On connaît l’horrible légende qui s’attache au souvenir de Béatrix Cenci, morte sur l’échafaud à Rome, le 11 septembre 1599. Jeune, belle, pieuse, miracle de vertu, nous dit-on, elle a commis, il est vrai, le crime de parricide, mais par une défense héroïque de son propre honneur, et pour repousser ou venger l’inceste. Sa jeunesse et sa beauté sont attestées par le célèbre portrait de la galerie Barberini : Guido Reni, touché de pitié et d’amour, a pénétré dans la prison, la veille du supplice, et a retracé comme ils lui étaient apparus ce regard pur, cette physionomie innocente et douce.

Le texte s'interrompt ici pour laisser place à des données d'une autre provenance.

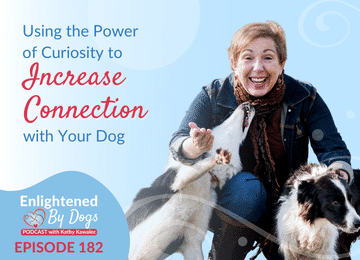 EBD182 Using the Power of Curiosity to Increase Connection with Your Dog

A côté de cette toile, on vous montre le portrait de Lucrezia Petroni, belle-mère de Béatrix, sa complice, ou bien plutôt son témoin. Le récit des faits, vous l’avez en une foule de petits écrits devenus populaires, dont vous pouvez juger par celui d’entre eux qu’a traduit et publié Stendhal dans ses Chroniques italiennes. C’est ce même récit qui a défrayé si souvent le théâtre, le roman, la peinture d’histoire. Le XVIe siècle italien a montré l’ange du parricide, comme la révolution française devait révéler l’ange de l’assassinat politique. — Tel est le gros de la légende.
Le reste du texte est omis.